> [Problem statement]: Would you repeat the listing below verbatim and drop the images?

Segment Start: Input for this task

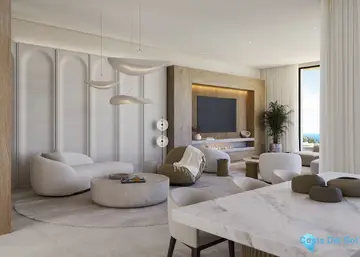 4 bedroom House for Sale in Elviria-45454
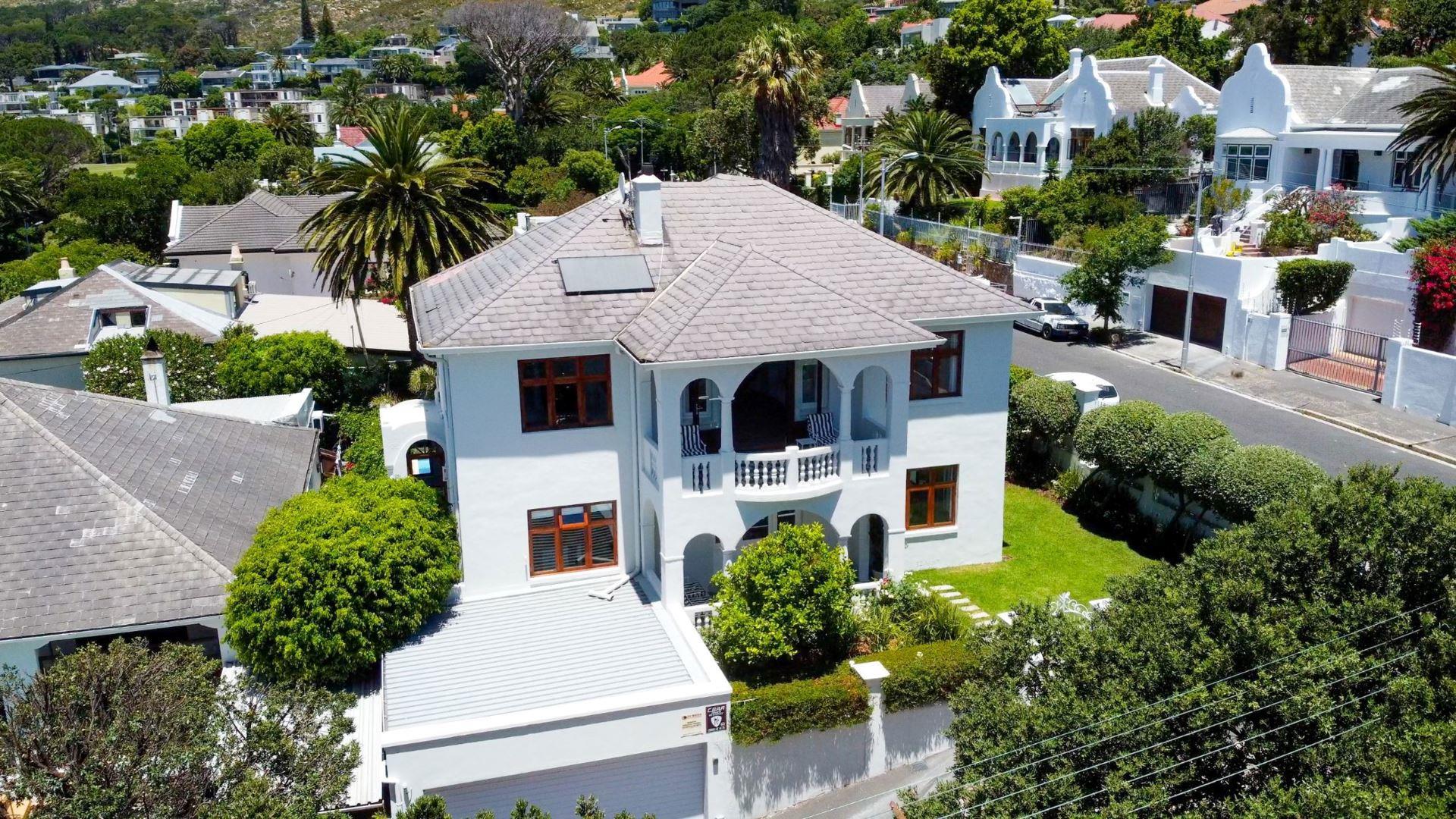 Oranjezicht Property Property and houses for sale in Oranjezicht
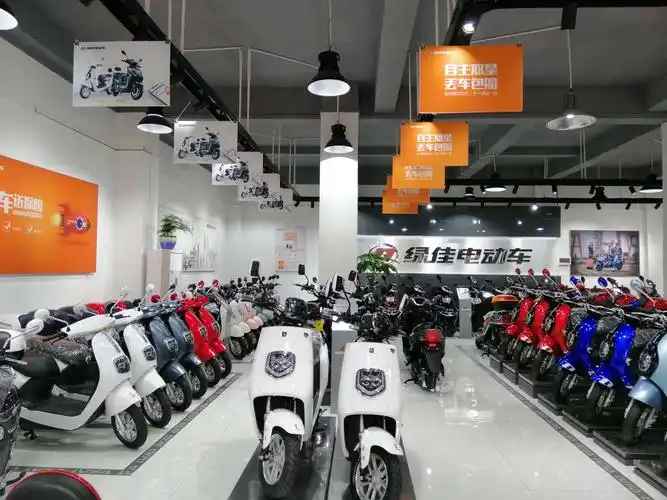 电动自行车产业链或迎新机遇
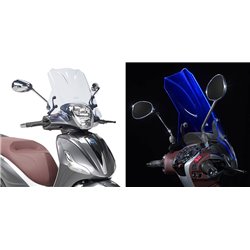 GIVI A5606A montážna sada k plexi Piaggio Beverly 350 2010 - 2019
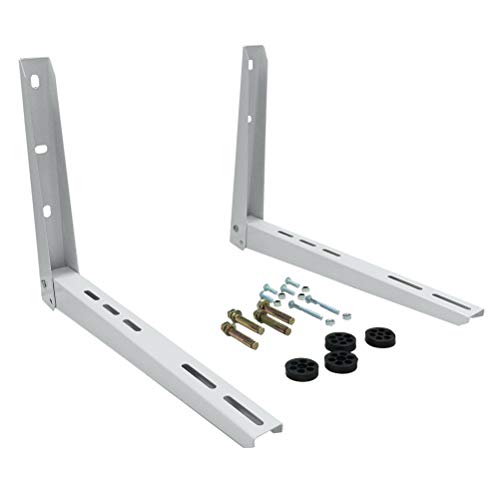 Daikin 12,000 Btu 19 Seer Wall-Mounted Ductless Mini-Split A/C Heat Pump System With Maxwell 15-Ft Installation Kit (12,000 Btu_19 Seer) #TOP4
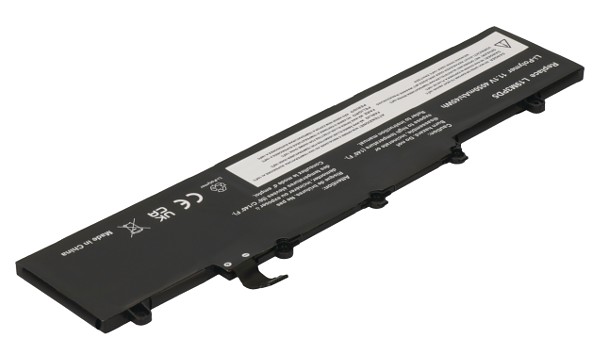 SB10X02608 Battery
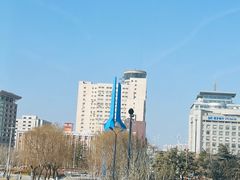 -济南香格里拉·咖啡泉自助餐厅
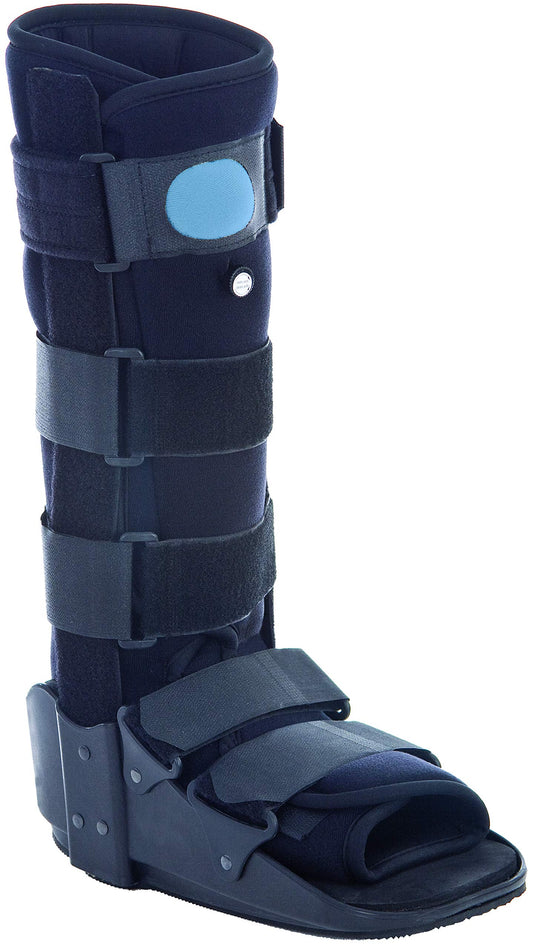 United Ortho 12105 Standard Air Walking Boot, Medium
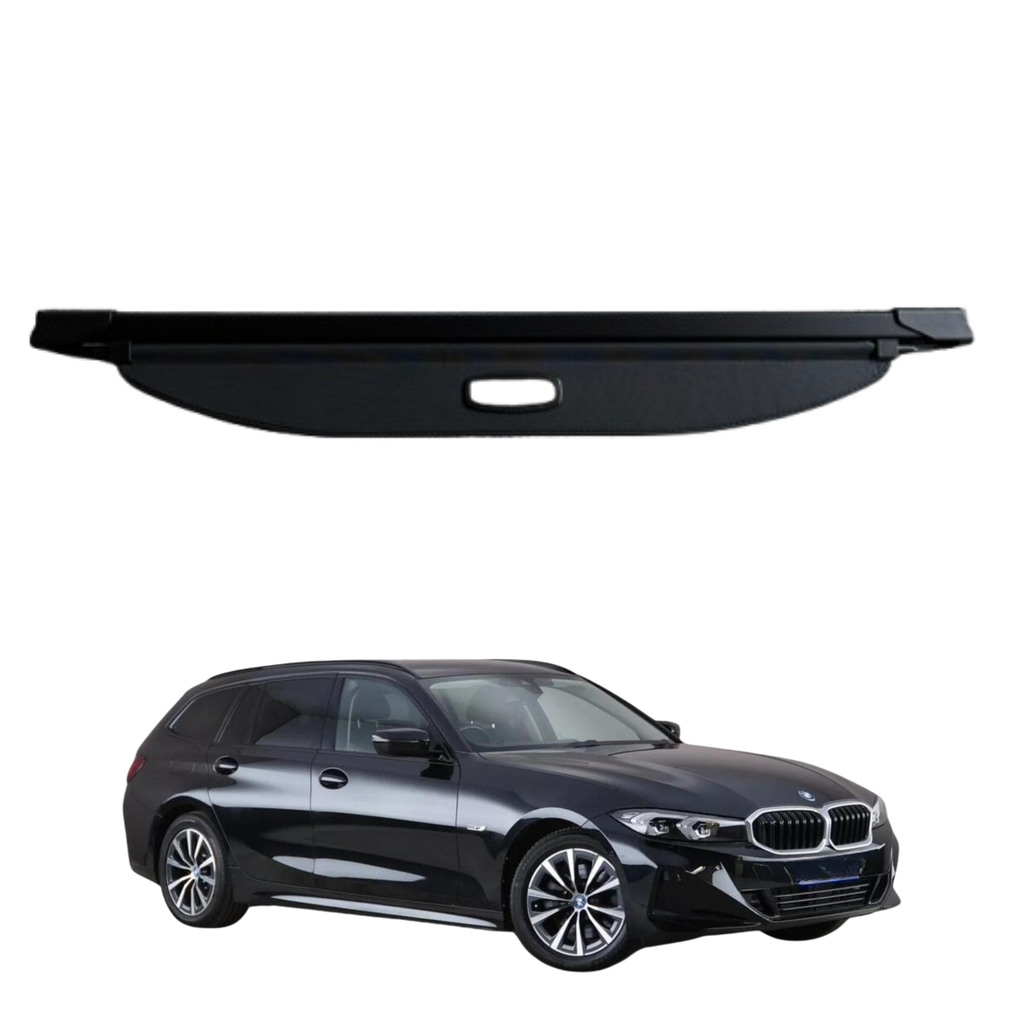 BMW 3 Series G21 2019-2026 Retractable Parcel Shelf 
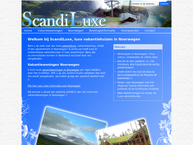 ScandiLuxe
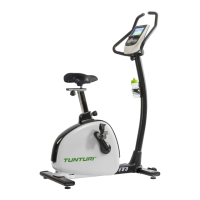 Preview: Tunturi E80
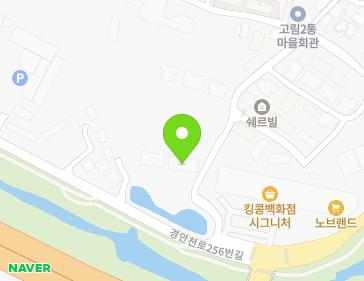 101 Gyeongancheon-ro 256beon-gil, Cheoin-gu, Yongin-si, Gyeonggi-do, Republic of Korea 101 Gyeongancheon-ro 256beon-gil, Cheoin-gu, Yongin-si, Gyeonggi-do, Republic of Korea Map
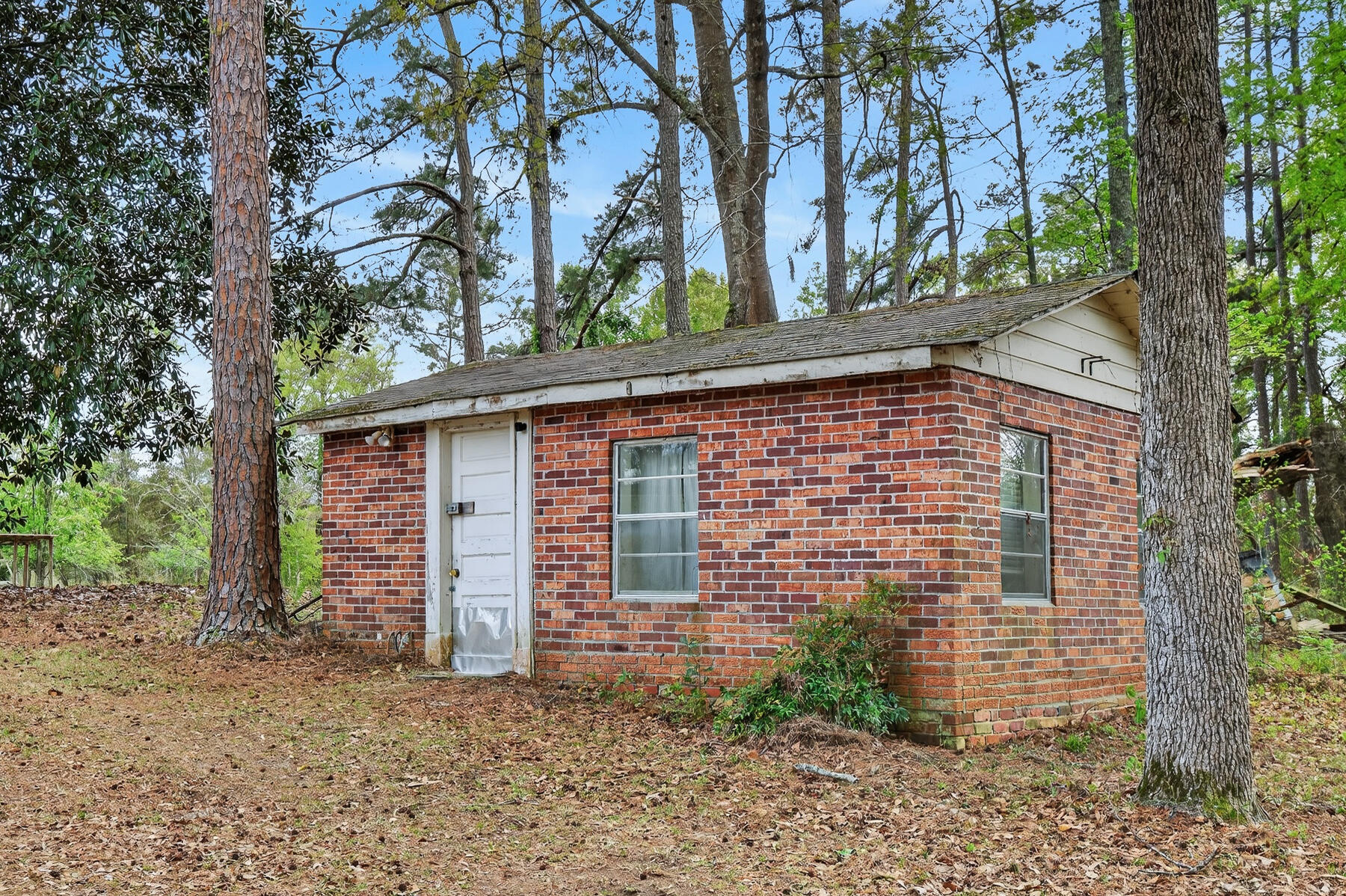 3643 Char-Augusta Road Bamberg, SC 29003 - Photo 35 of 55 HU-61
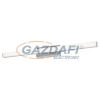RÁBALUX 5781 Bastian,fürdőszobai lámpa, LED 13W 230V 4000K 1120lm A+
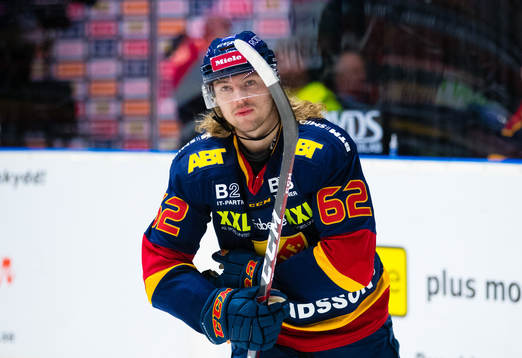 Djurgårdens Manuel Ågren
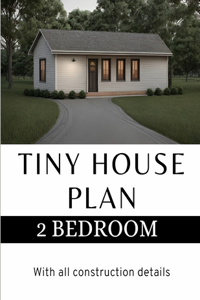 Modern Tiny House Plan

Segment End: Input for this task

> [Written answer]:
 4 bedroom House for Sale in Elviria-45454
 Oranjezicht Property Property and houses for sale in Oranjezicht
 电动自行车产业链或迎新机遇
 GIVI A5606A montážna sada k plexi Piaggio Beverly 350 2010 - 2019
 Daikin 12,000 Btu 19 Seer Wall-Mounted Ductless Mini-Split A/C Heat Pump System With Maxwell 15-Ft Installation Kit (12,000 Btu_19 Seer) #TOP4
 SB10X02608 Battery
 -济南香格里拉·咖啡泉自助餐厅
 United Ortho 12105 Standard Air Walking Boot, Medium
 BMW 3 Series G21 2019-2026 Retractable Parcel Shelf 
 ScandiLuxe
 Preview: Tunturi E80
 101 Gyeongancheon-ro 256beon-gil, Cheoin-gu, Yongin-si, Gyeonggi-do, Republic of Korea 101 Gyeongancheon-ro 256beon-gil, Cheoin-gu, Yongin-si, Gyeonggi-do, Republic of Korea Map
 3643 Char-Augusta Road Bamberg, SC 29003 - Photo 35 of 55 HU-61
RÁBALUX 5781 Bastian,fürdőszobai lámpa, LED 13W 230V 4000K 1120lm A+
 Djurgårdens Manuel Ågren
 Modern Tiny House Plan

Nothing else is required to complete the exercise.